▸ DATASET EXCERPT

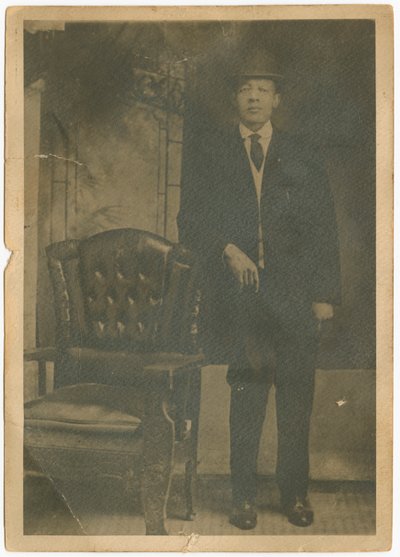 1926 से पहले सैमुअल ग्रांट का फोटो चित्र। द्वारा अज्ञात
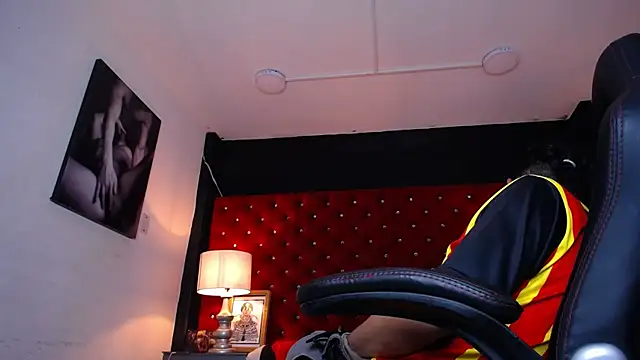 Sr Magnus  online show from January 2026 04:43:01 PM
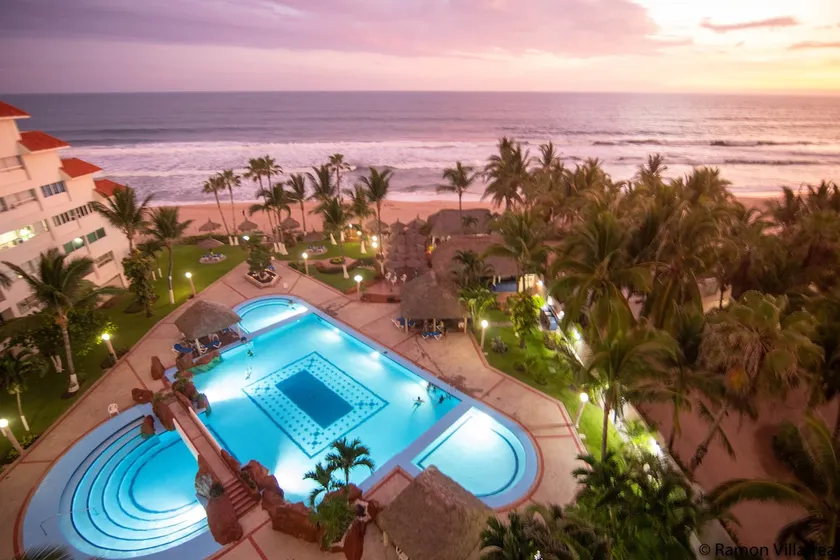 Oceanfront 3 bedrooms elegant condominium. - Image 1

▸ EXERCISE BRIEF
Restate each line of the material word for word, skipping any picture.

▸ ANSWER SPACE
 1926 से पहले सैमुअल ग्रांट का फोटो चित्र। द्वारा अज्ञात
 Sr Magnus  online show from January 2026 04:43:01 PM
 Oceanfront 3 bedrooms elegant condominium. - Image 1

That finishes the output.